## WORK REQUIRED
In the entries below, find the line with "However, if you" and the line with "Then add a find". Repeat exactly everything between them, those two lines included, but not the pictures.

## PROVIDED DATA
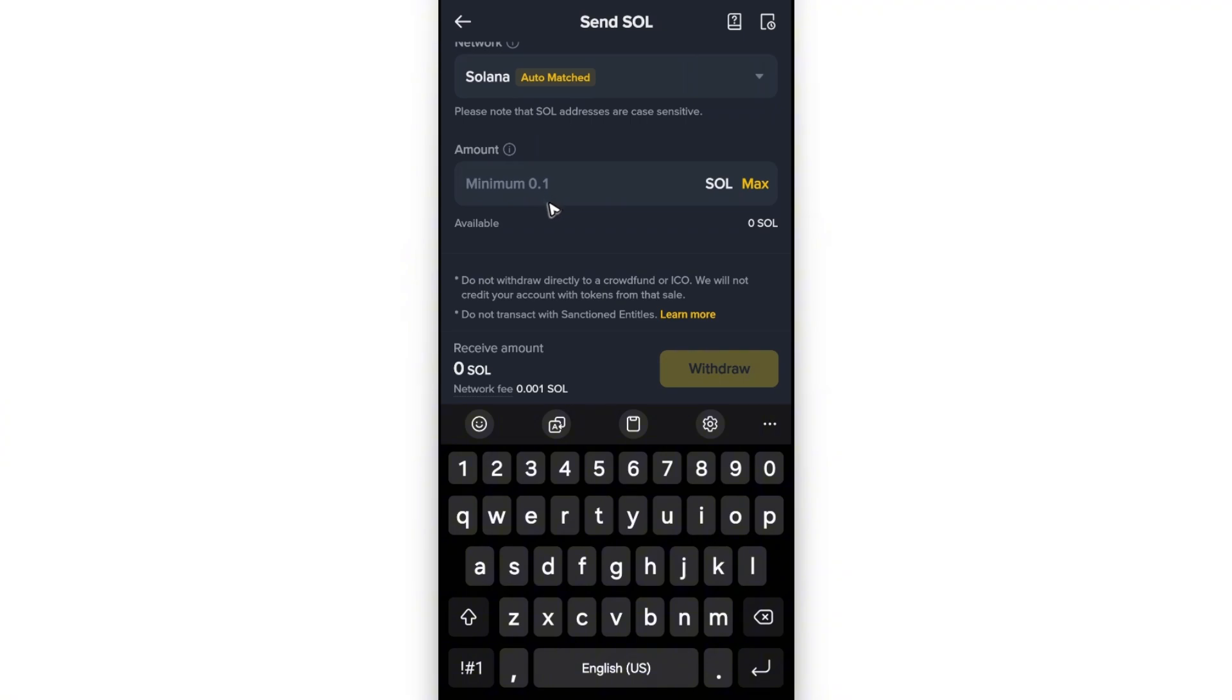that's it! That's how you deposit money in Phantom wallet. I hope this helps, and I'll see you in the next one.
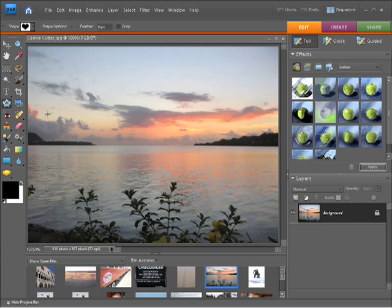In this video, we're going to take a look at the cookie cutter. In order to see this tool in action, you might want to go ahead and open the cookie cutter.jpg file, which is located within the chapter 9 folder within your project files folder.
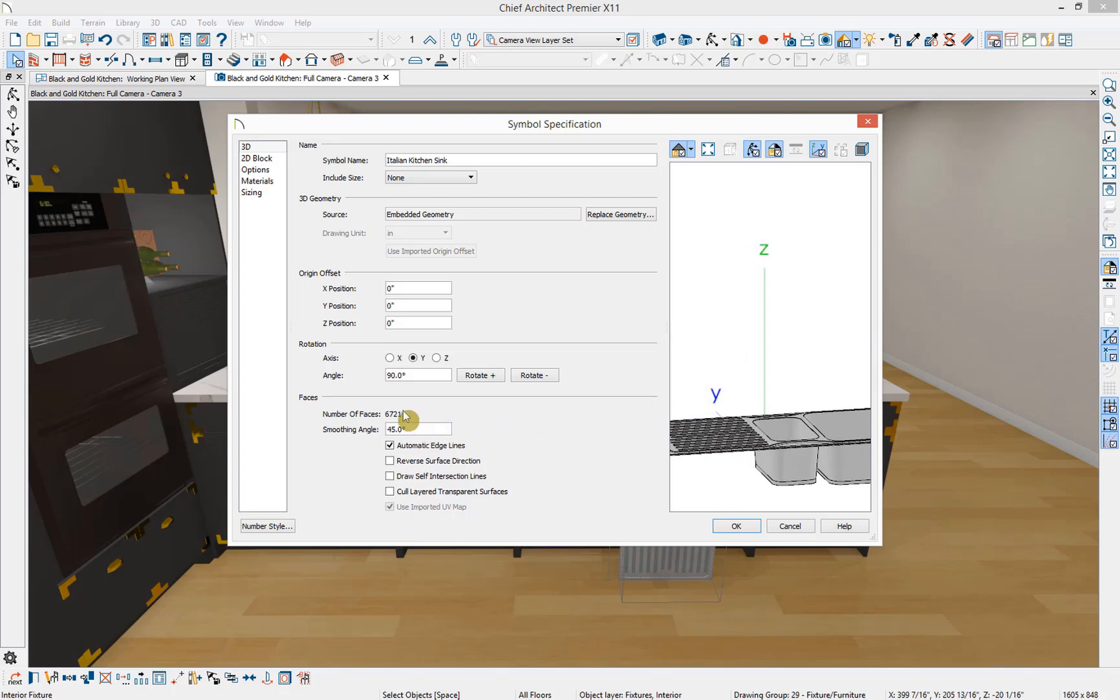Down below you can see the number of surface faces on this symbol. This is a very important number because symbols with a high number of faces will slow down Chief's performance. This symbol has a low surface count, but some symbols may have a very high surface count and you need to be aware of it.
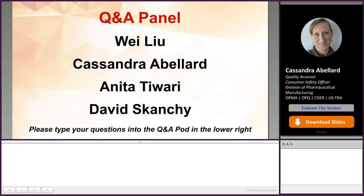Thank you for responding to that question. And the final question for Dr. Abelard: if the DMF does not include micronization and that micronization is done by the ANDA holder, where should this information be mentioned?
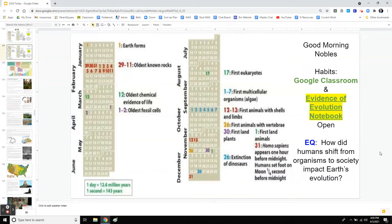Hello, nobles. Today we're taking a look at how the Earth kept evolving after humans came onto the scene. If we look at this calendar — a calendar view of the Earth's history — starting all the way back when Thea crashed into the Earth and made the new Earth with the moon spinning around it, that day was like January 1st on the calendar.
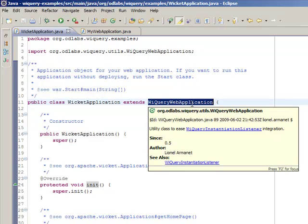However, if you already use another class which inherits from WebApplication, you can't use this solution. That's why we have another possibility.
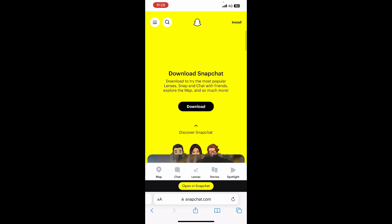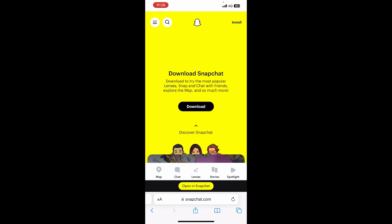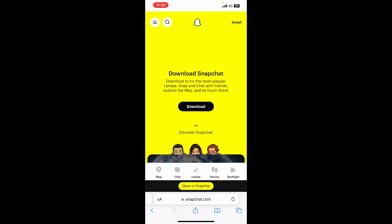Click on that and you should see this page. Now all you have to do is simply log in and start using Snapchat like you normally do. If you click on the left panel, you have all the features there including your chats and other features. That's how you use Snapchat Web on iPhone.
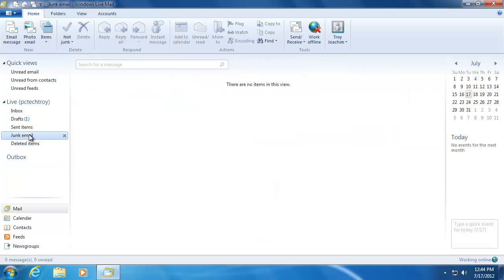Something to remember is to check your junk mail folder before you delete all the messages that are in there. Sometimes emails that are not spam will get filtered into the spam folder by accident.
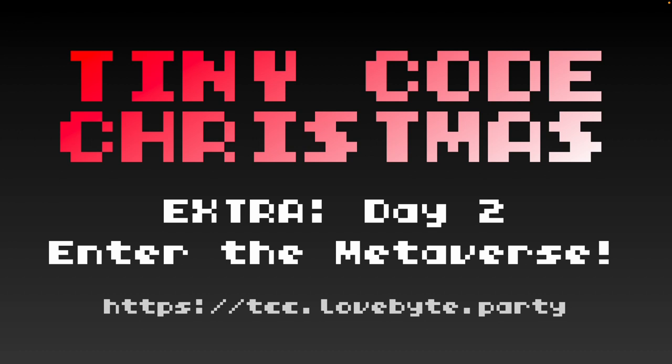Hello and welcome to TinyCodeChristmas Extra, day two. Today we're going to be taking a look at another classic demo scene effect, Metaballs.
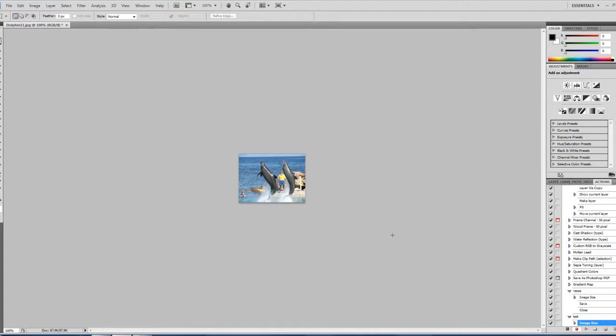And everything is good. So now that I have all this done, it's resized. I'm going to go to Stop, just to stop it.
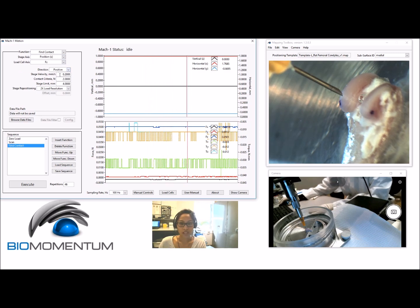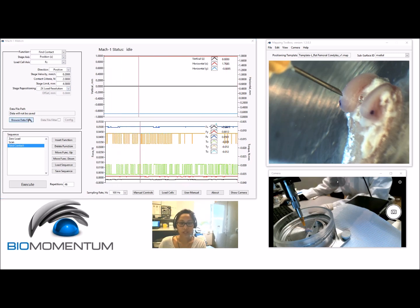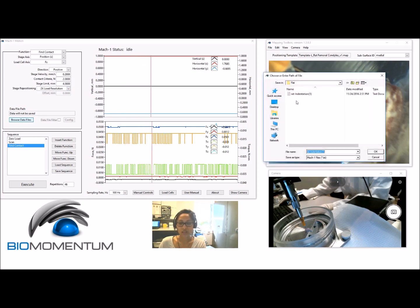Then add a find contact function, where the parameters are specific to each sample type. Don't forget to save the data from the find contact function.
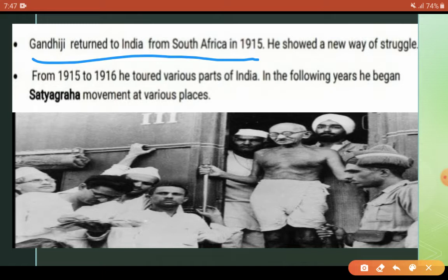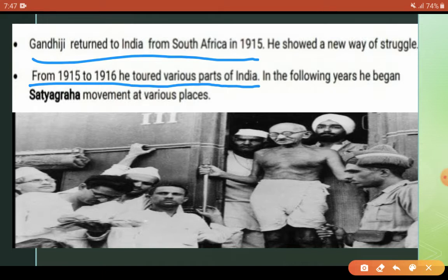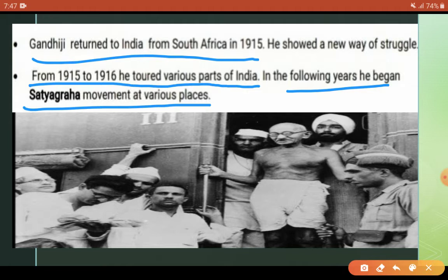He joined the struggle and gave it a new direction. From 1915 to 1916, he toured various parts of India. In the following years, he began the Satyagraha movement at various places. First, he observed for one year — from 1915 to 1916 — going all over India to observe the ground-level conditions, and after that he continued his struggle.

## TASK RESULT
However, if you already use another class which inherits from WebApplication, you can't use this solution. That's why we have another possibility.
Click on that and you should see this page. Now all you have to do is simply log in and start using Snapchat like you normally do. If you click on the left panel, you have all the features there including your chats and other features. That's how you use Snapchat Web on iPhone.
Something to remember is to check your junk mail folder before you delete all the messages that are in there. Sometimes emails that are not spam will get filtered into the spam folder by accident.
Hello and welcome to TinyCodeChristmas Extra, day two. Today we're going to be taking a look at another classic demo scene effect, Metaballs.
And everything is good. So now that I have all this done, it's resized. I'm going to go to Stop, just to stop it.
Then add a find contact function, where the parameters are specific to each sample type. Don't forget to save the data from the find contact function.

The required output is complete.